A more in-depth investigation of poetry and literature in The New Canadian would doubtless yield many fascinating conclusions. For example, the poetry published in The New Canadian as a response to the political climate, often as uncredited space fillers, deserves further analysis. And duringsome of the darkest and most pivotal times in the 1942 period of forced uprooting from the coast,The New Canadian on multiple occasions published inspirational excerpts from established poets of the English canon such as Robert Browning. Columnists would occasionally express their sentiments in verse, often humorously, and on one occasion in 1942 an editorial took the form of a poem, satirizing “That Latest Story You Heard”[11].Close readings of poems and stories by Nisei contributors such as Muriel Kitagawa and Mark Toyama could also reveal much about the writers’ understanding of their emerging identity as Japanese Canadians.

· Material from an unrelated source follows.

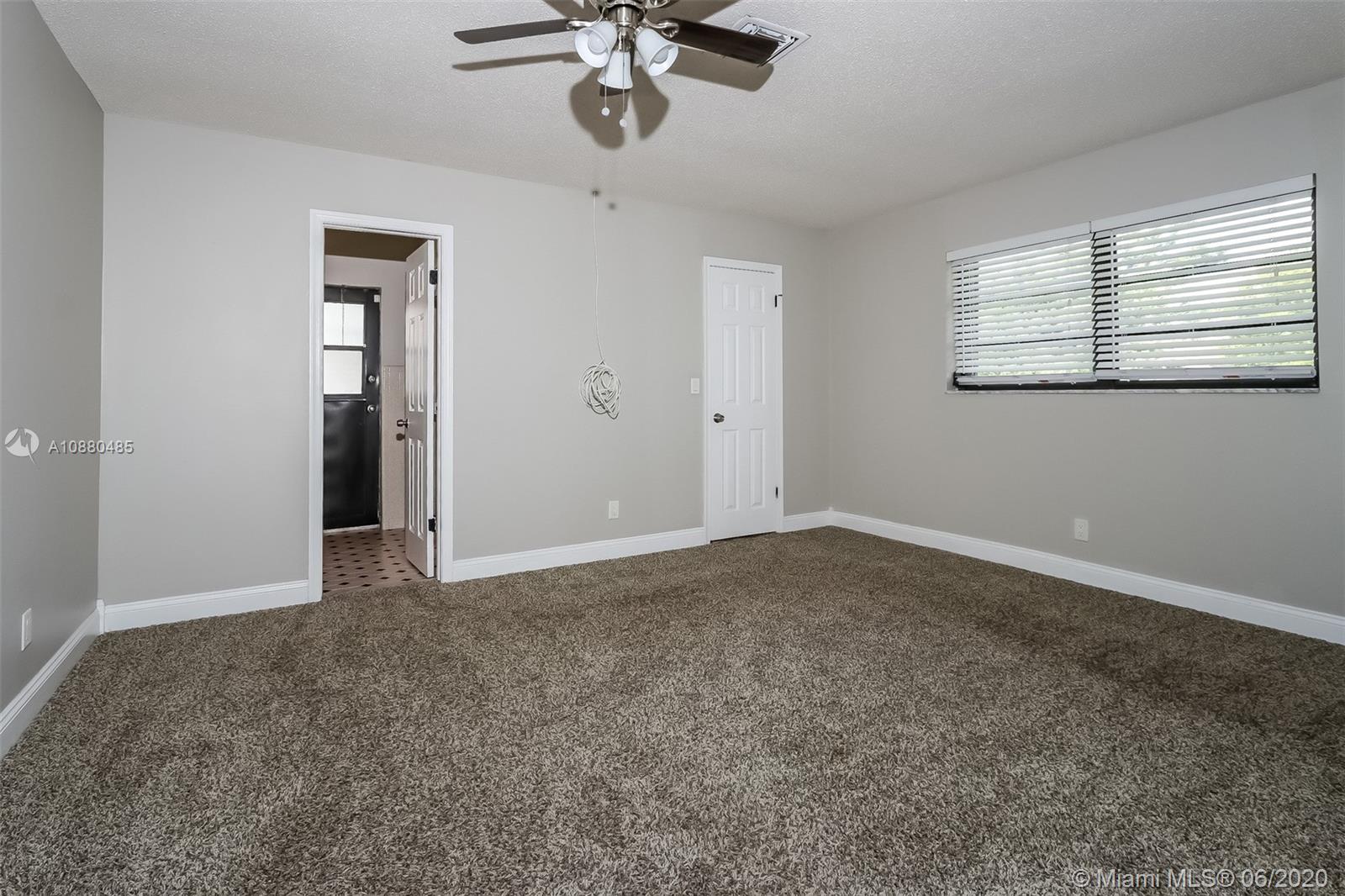 SOUTH SHORE 1 OF WELLINGT - Residential Lease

And while I have only looked at a few appearances of poetry and references to literature in the early years of the newspaper, the practice of publishing poetry in The New Canadian continued for many years after the war: Helen Koyama, who worked for the newspaper one summer in Toronto in the 1970s, recalls that “Over the years I would occasionally submit poetry which [editor KC Tsumura] used to fill in blank spaces”[12]. It is a tradition, then, which carried on for decades in the Japanese Canadian community, and survived its greatest period of upheaval with minimal interruption. It may seem like a modest habit, but by making and utilizing precious print space for young Japanese Canadian poets, The New Canadian was most likely the first English-language publisher for Japanese Canadian literary writers, and as such played an essential role in the founding of Japanese Canadian literary expression.

[1] Ibid.

[2] NC “Editorial” Feb 1 1939, page 1.

[3]NC Feb 1 1939, page 5.

[4] Ito, Roy. Stories of My People. Hamilton: Promark Printing, 1994. pp 184-185.

[5] NC “Romance in Vancouver” May 27 1939, page 13.

[6] NC “Town Topics” Jul 24 1940, page 4.

[7] NC editorial “Music Hath Charms” May 1 1939, page 2.

[8]NC “Town Topics” Apr 11 1941, page 4.

[9] NC “Writers Wanted in Short Story Contest” Oct 2 1940, page 4.

[10]Reprinted in NC as “New Canadian Poetry” Dec 22 1939, page 2.

[11]NC April 2 1942, page 2.

[12]Email with the author, June 25, 2017.